Corps Releases New Carp Report – Quimby's Cruising Guide

Corps Releases New Carp Report


The Army Corps of Engineers and the U.S. Fish and Wildlife Service released a joint report on December 23 on the possibility of Asian carp traveling past the electric barriers designed to keep them from migrating into the Great Lakes. Although the report sketched out some scenarios under which it is theoretically possible for carp to breach the barriers, it stressed that there is no evidence of any carp actually having done so.


Simulations done with scale models and caged and tethered fish indicate that it may be possible for passing barges to affect the strength of the electric field, and to possibly tow in small fish (two to four inches) in their wake, the report said. The fishes’ behavior was captured and recorded by dual-frequency identification sonar. The studies found that slow vessel speeds tend to capture and transport small fish in their wakes, while high speeds produce a reverse current, which drive the fish in the opposite direction.


The finding is described as preliminary; the report said the Corps’ Research and Development Center will undertake a further two years of testing, including more sonar studies, as part of initiatives coordinated by the Asian Carp Regional Coordinating Committee.

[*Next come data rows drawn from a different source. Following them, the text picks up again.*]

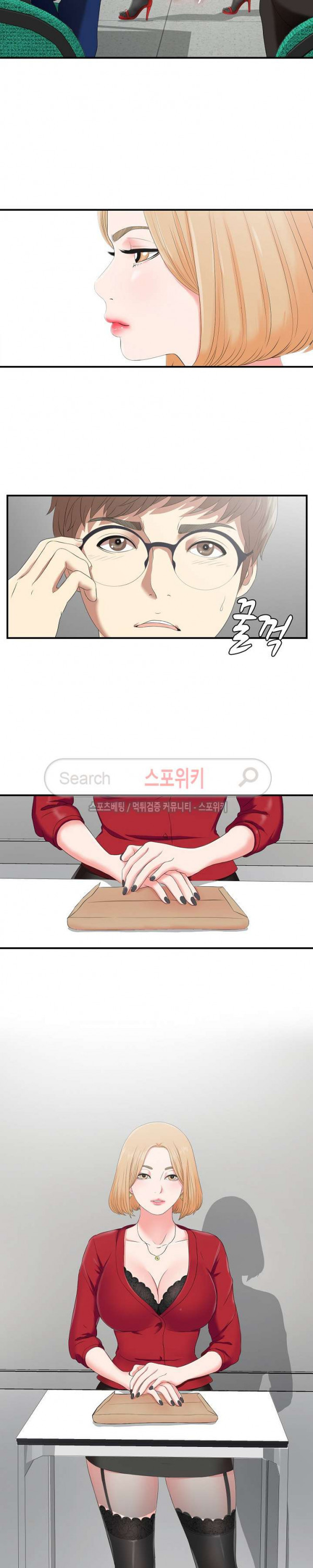15661255112214.jpg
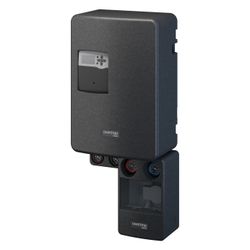 Oventrop Regudis H-M Nahwärmestation DN 25... OVENTROP-1392031 4026755471816 (Abb. 1)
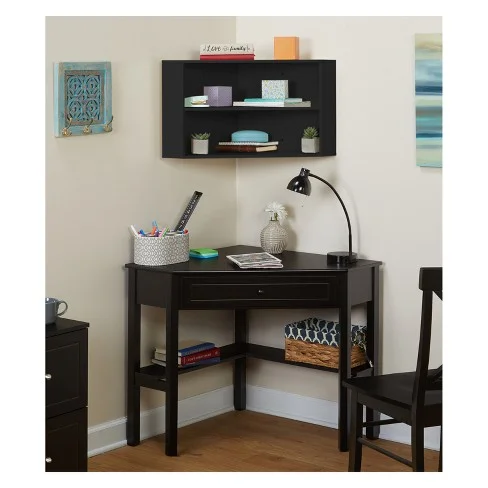 Buylateral desk deals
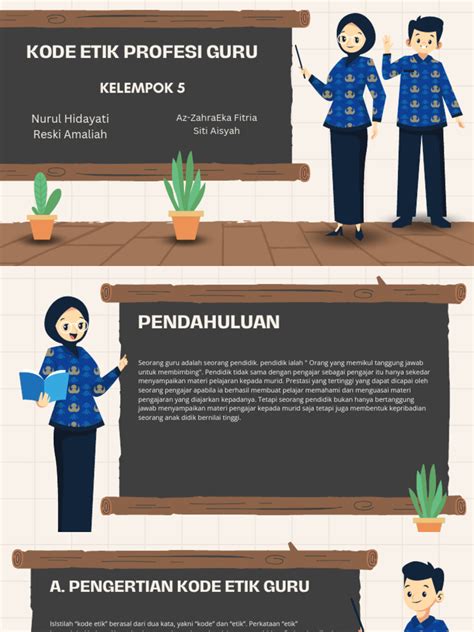 sigma game yang worth dan Poin Tunai Tersedia dan Apple Digital Kode terbaik image 1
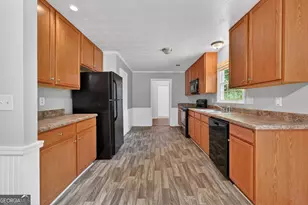 4312 Derbyshire Trce SE, Conyers, GA 30094 - Photo 20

The report has been given wide play in local media, especially in Great Lakes communities, despite the Corps’ statement that no carp have actually crossed the barriers. The report says the closest adult carp found in the Illinois River have been 55 miles from Lake Michigan, and no small Asian carp (the size that could theoretically be dragged across the barriers in the wake of a barge) have been found closer than 131 miles from Lake Michigan.


Meanwhile, Near Lake Erie

Scientists with the U.S. Geological Survey and Bowling Green State have determined that four grass carp captured on the Sandusky River in Ohio had spent their whole lives in the river, which flows into Lake Erie. It was the first time that carp had been documented living their entire life cycle within the Great Lakes watershed.


Because the carp were fertile, scientists determined that the fish had not been introduced by stocking. Ohio had allowed the stocking of sterile grass carp since 1988.


Grass carp are on of four related carp species that a team of federal and state agencies is trying to keep out of the Great Lakes for fear they would supplant naive species and threaten the lakes’ $7 billion sport fishing industry. The carp grow fast and eat voraciously, feeding on the same plankton that sustains other species.


Bighead and silver carp are the species that cause the most concern; grass carp are not as destructive, but scientists said that where grass carp thrive, other types could also.


In support of these findings, some have called for closing the navigable waterways that connect the Great Lakes to the Mississippi River system.